* Problem to solve
Up to and including the line that holds "Transmission repair manuals", copy every line of the records below exactly, starting at the first; leave pictures out.

* Given records
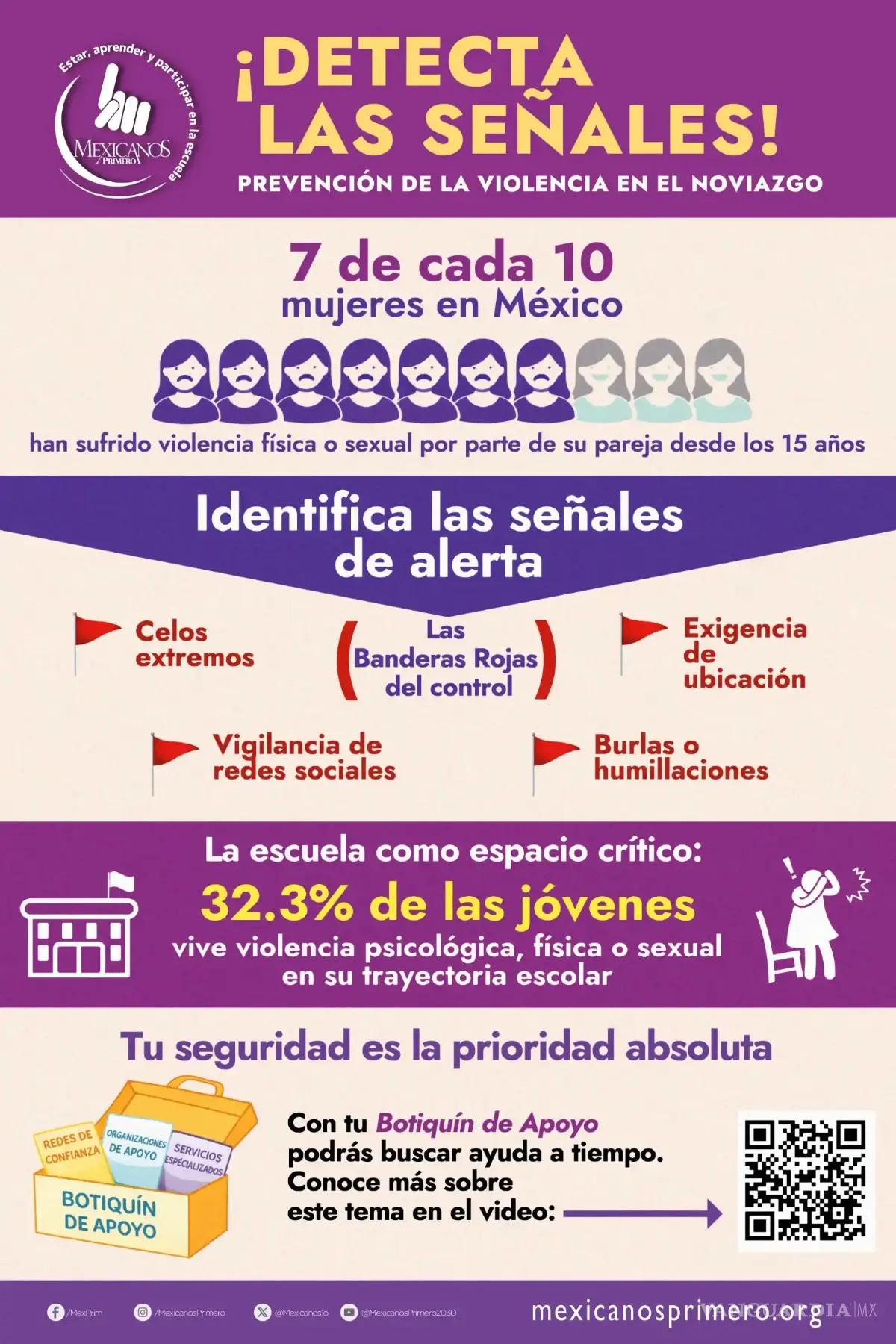 $!Presentan “botiquín de apoyo” para identificar violencia en noviazgos adolescentes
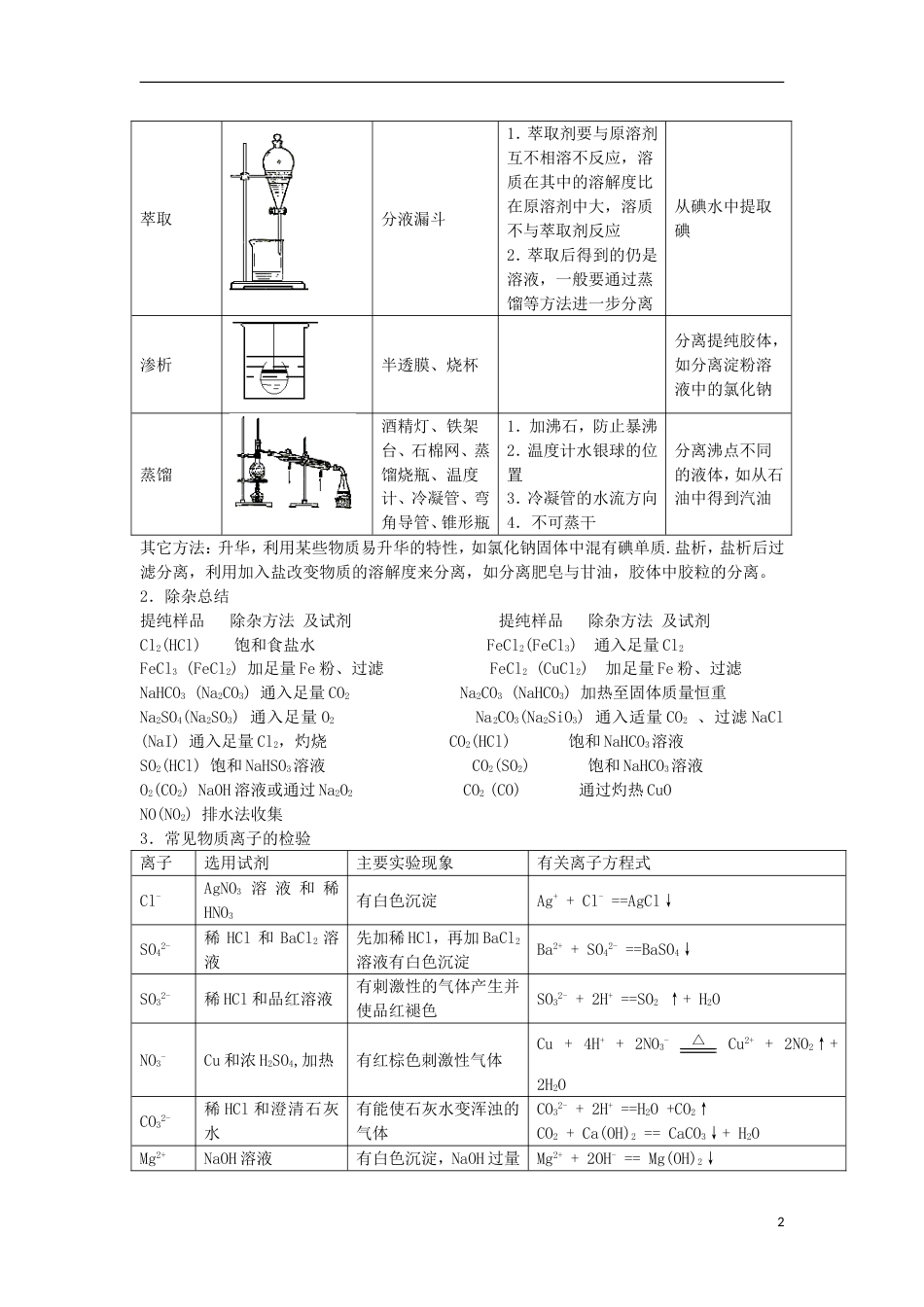 高中化学第一章从实验学化学复习学案新人教必修_第2页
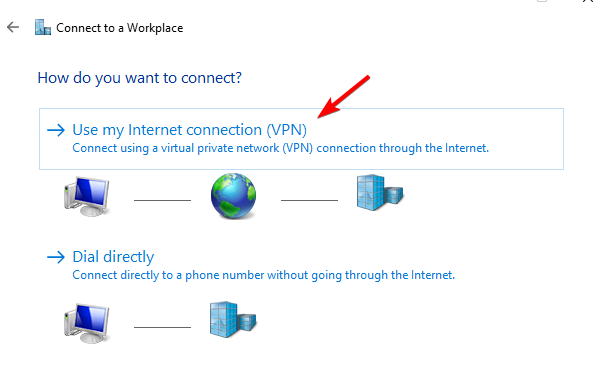 Форма Use my Internet connection (VPN) для ввода адреса сервера и имени подключения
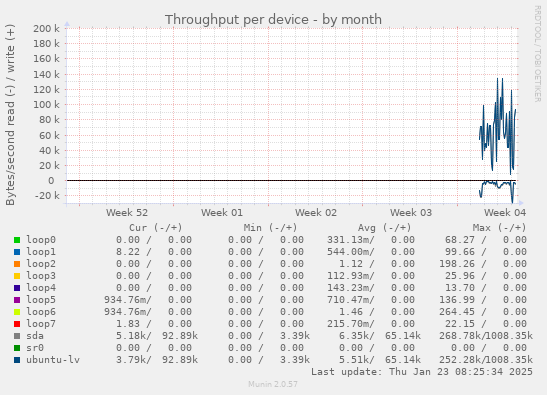 Throughput per device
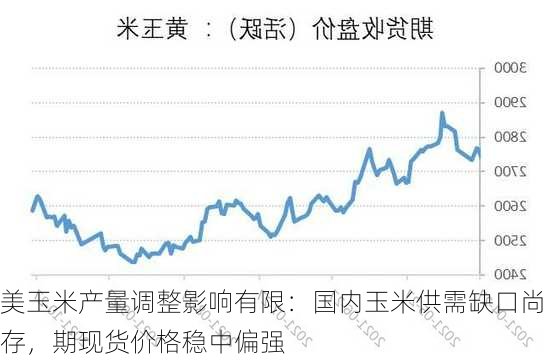 美玉米产量调整影响有限：国内玉米供需缺口尚存，期现货价格稳中偏强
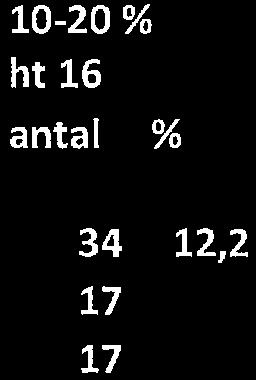 Mer än 20 % ht 14 antal % Mer än 20 % ht 15 antal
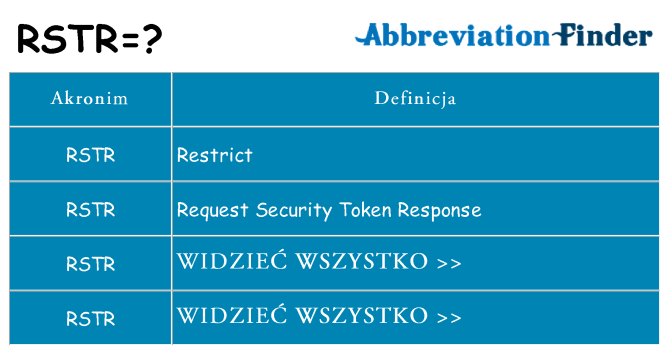 Co rstr oznaczać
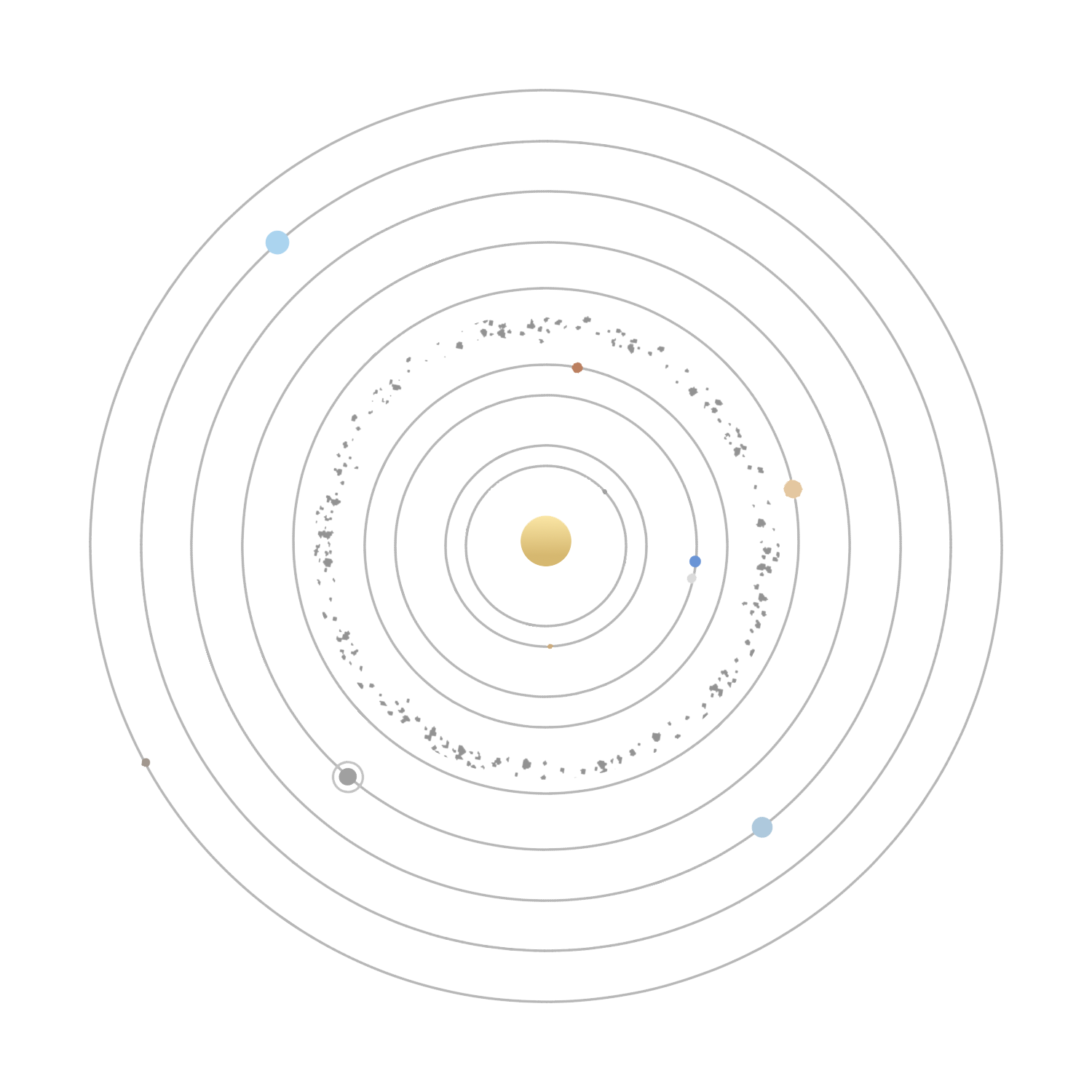Solar System pure CSS Ac zar Codex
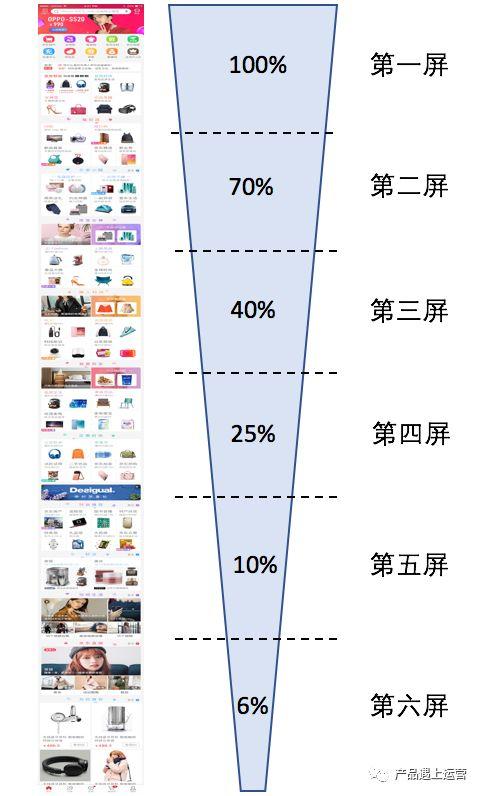 20.02.14 徐霄鹏-首页运营攻略 - 图6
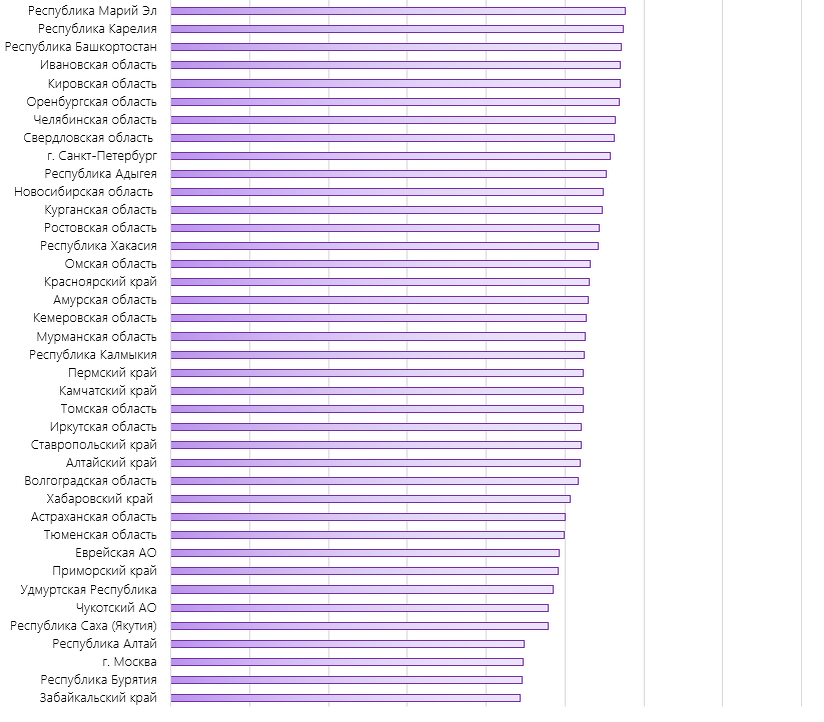 Неравномерная страна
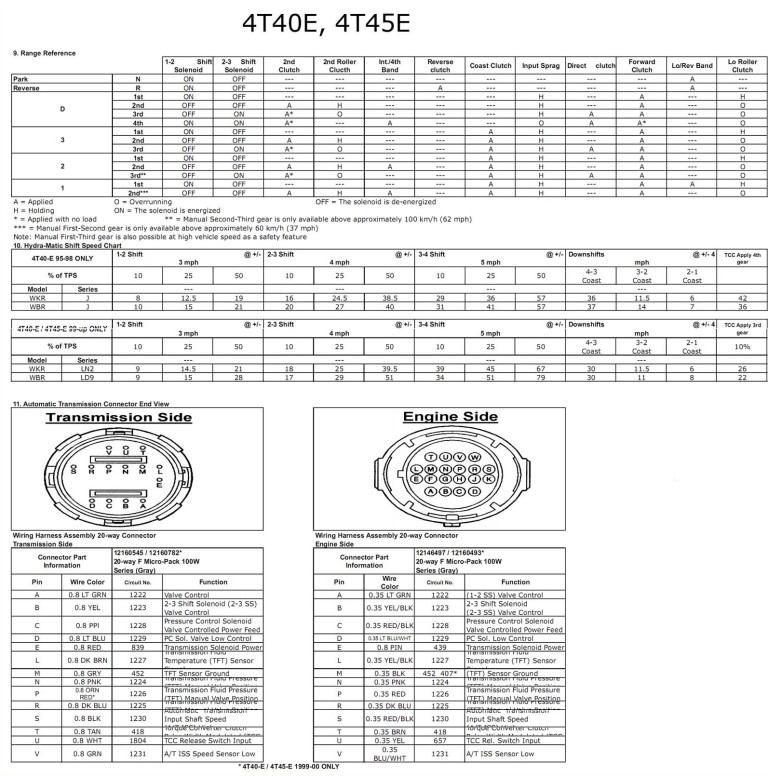 Transmission repair manuals 4T45E 4T40E - Rebuild instructions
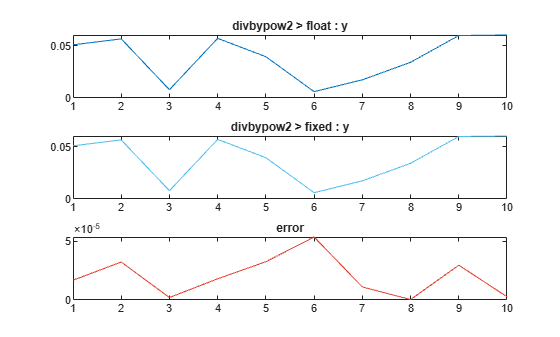 Figure divbypow2>output>y: 14-bit WL (17:20:11) contains 3 axes objects. Axes object 1 with title divbypow2 > float : y contains an object of type line. Axes object 2 with title divbypow2 > fixed : y contains an object of type line. Axes object 3 with title error contains an object of type line.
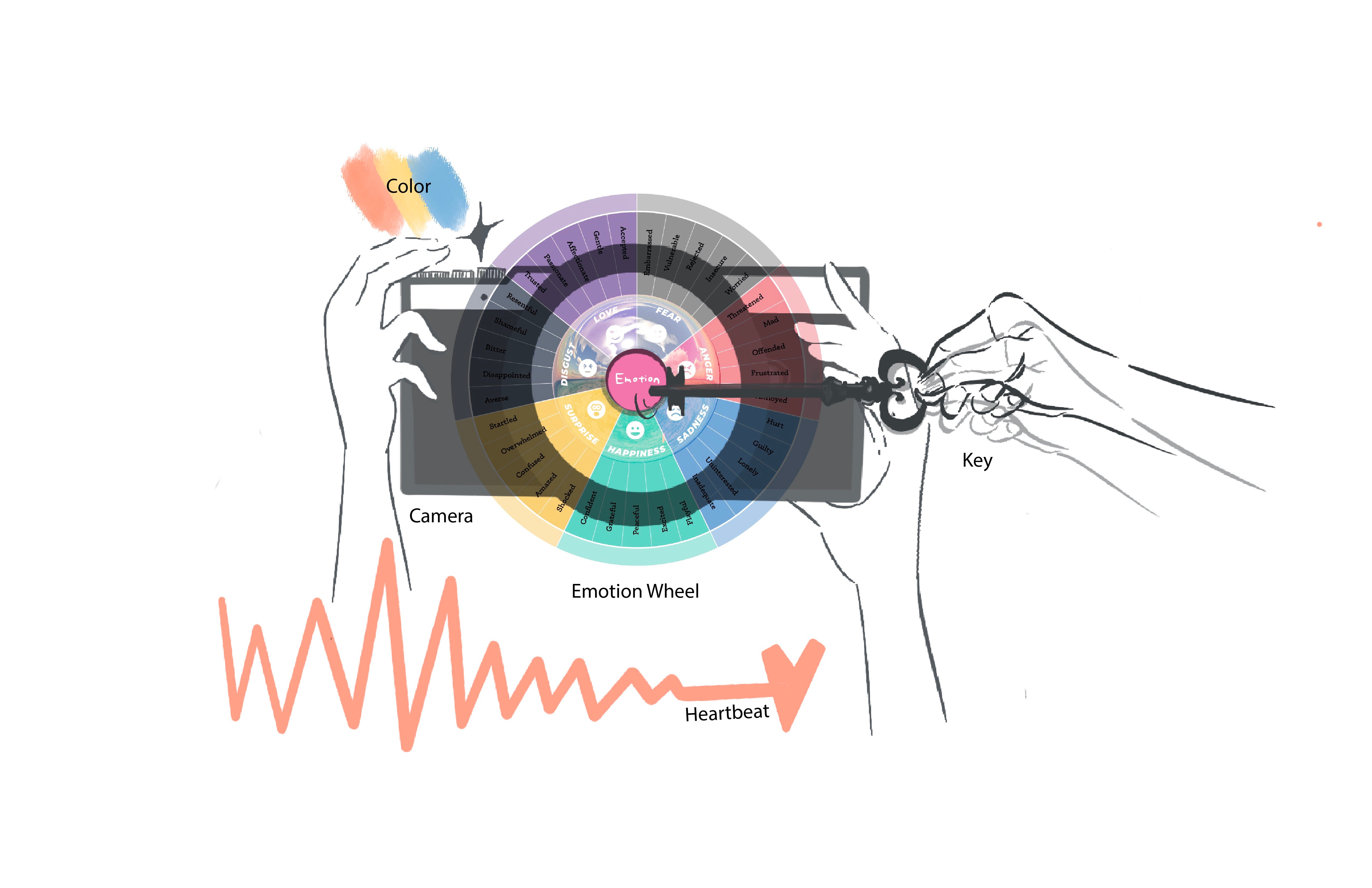 The image shows the required elements for people to aware themselves t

* Answer to this exercise
 $!Presentan “botiquín de apoyo” para identificar violencia en noviazgos adolescentes
 高中化学第一章从实验学化学复习学案新人教必修_第2页
 Форма Use my Internet connection (VPN) для ввода адреса сервера и имени подключения
 Throughput per device
 美玉米产量调整影响有限：国内玉米供需缺口尚存，期现货价格稳中偏强
 Mer än 20 % ht 14 antal % Mer än 20 % ht 15 antal
 Co rstr oznaczać
Solar System pure CSS Ac zar Codex
 20.02.14 徐霄鹏-首页运营攻略 - 图6
 Неравномерная страна
 Transmission repair manuals 4T45E 4T40E - Rebuild instructions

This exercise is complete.